5. I’m wrong a lot. I forgot how wrong I am after being single for so many years because Brooke always thought I was right either way. Marriage is really quite humbling.
6. Being married to your best friend doesn’t mean there isn’t conflict, we are just learning better how to listen to each other and adapt. Understanding each other’s different needs and how to help the other feel loved is top priority.
7. “The way to raise a girl is very different than the way to raise a boy in so many different ways… I had Knox and I grew up with basically all brothers (he has one sister that is much older than him) so this is a new world.” -Andrew
8. “You lift those you are around and make them feel they are the most important and I especially love it when you do it with our kids.” -Andrew said this about me but I think he is trying to earn brownie points or something.
9. We have both learned that our sleeping schedules are completely different. I want to fall asleep asap at night and Andrew HATES sleeping at night. I love mornings and bouncing out of bed and Andrew likes taking his time to wake up;) I also need a solid 8 hours to be feeling great the following day and Andrew does not need nearly that many hours of sleep.

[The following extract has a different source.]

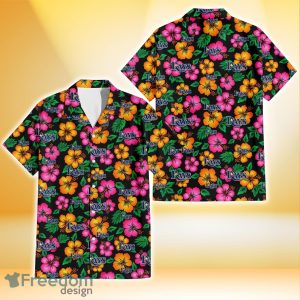 Tampa Bay Rays Pink Orange Black Background 3D Hawaiian Shirt Gift For Fans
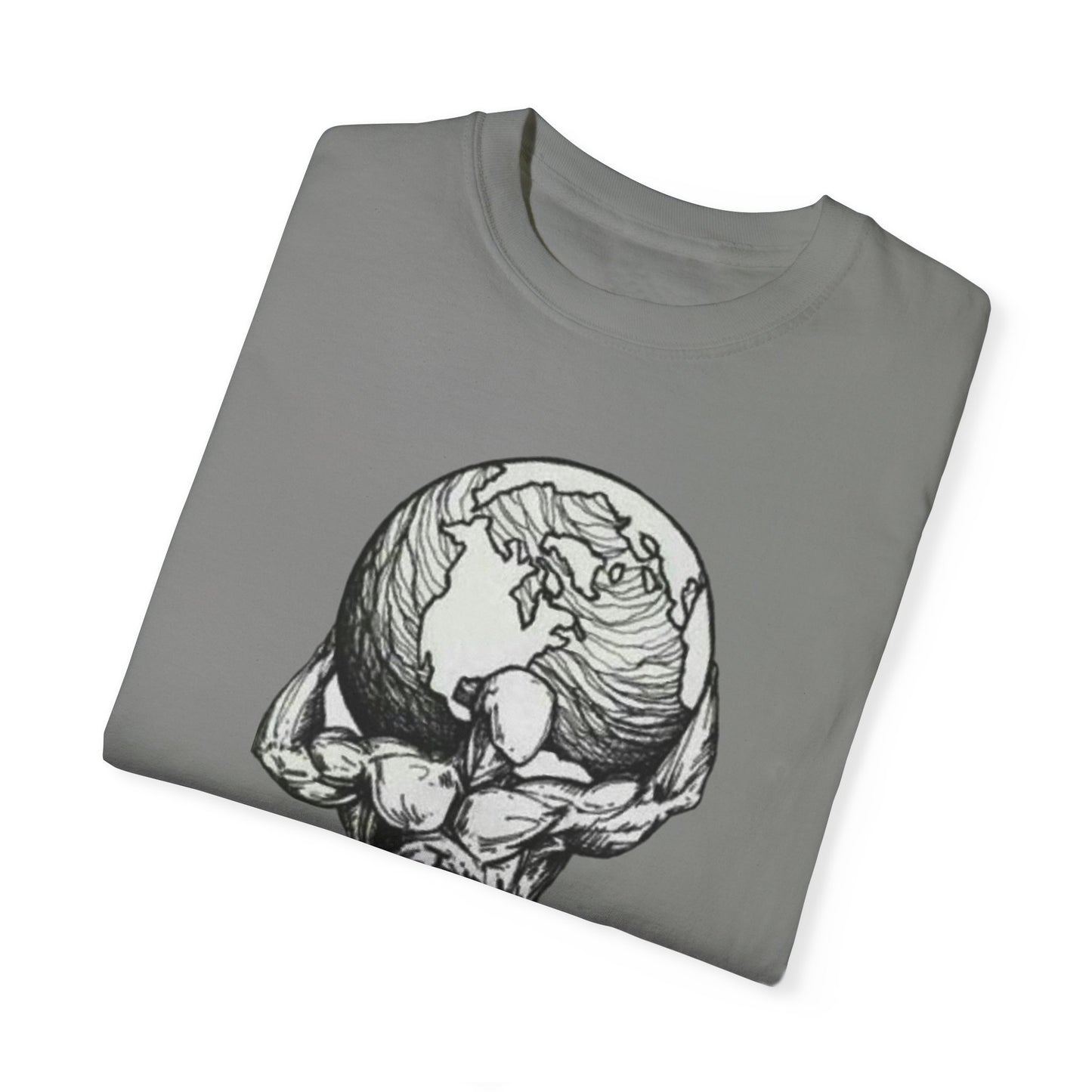 Atlas Earth Graphic Unisex T-Shirt - Comfortable Casual Wear for Nature Lovers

10. Andrew has sure helped me relax a bit. Between teasing each other, finding new adventures, letting go of worries… I love how much he has helped me to have fun and be completely myself.
11. That Andrew’s favorite snack on the entire planet is graham crackers dipped into milk.
12. Andrew is the official light turner off. “EVERYONE leaves the lights on and I feel like my job in life has become turning off the lights constantly, I’m surprised Beretta hasn’t started leaving the lights on in different rooms.” -Andrew
13. I’ve learned some pretty great parenting things from Andrew. Andrew is so good about calmly handling problems/kid things etc. I’m learning to act and not react from him.
14. The hardest part about blending our little family has been the kids going from getting our complete undivided attention all of the time to sharing the attention. When I was single I was in full 100% Brooke zone pretty much all of the time, the same goes for Knox. It has definitely been an adjustment for them to sharing the attention and it is getting easier and easier for them but has been a big change for them. So there is this fine line of being understanding of the changes they are going through and helping them learn to share the attention etc.
15. These kids absolutely adore him. He is by far the favorite.
I”m getting a few of my workouts for this marathon training cycle HERE. This is what week 2 looks like. I’ll get in the tempo miles and probably cut the mile repeats down a bit because I’m not there yet and get in plenty of easy miles along with these workouts. Last week I hit 50 miles and 13 of those miles were at half marathon goal pace—> including a 5 mile tempo and a 4 x 2 miles at 6:51 pace with 3 minute recoveries. Trying to get my body more used to the idea of multiple miles in around the high 6:something pace. Here’s to another week of training for us all!
Do you see Monday as the first day of the week or Sunday? I feel like Monday is (that is just what my brain tells me it is) but Andrew thinks Sunday is the start. What do you think?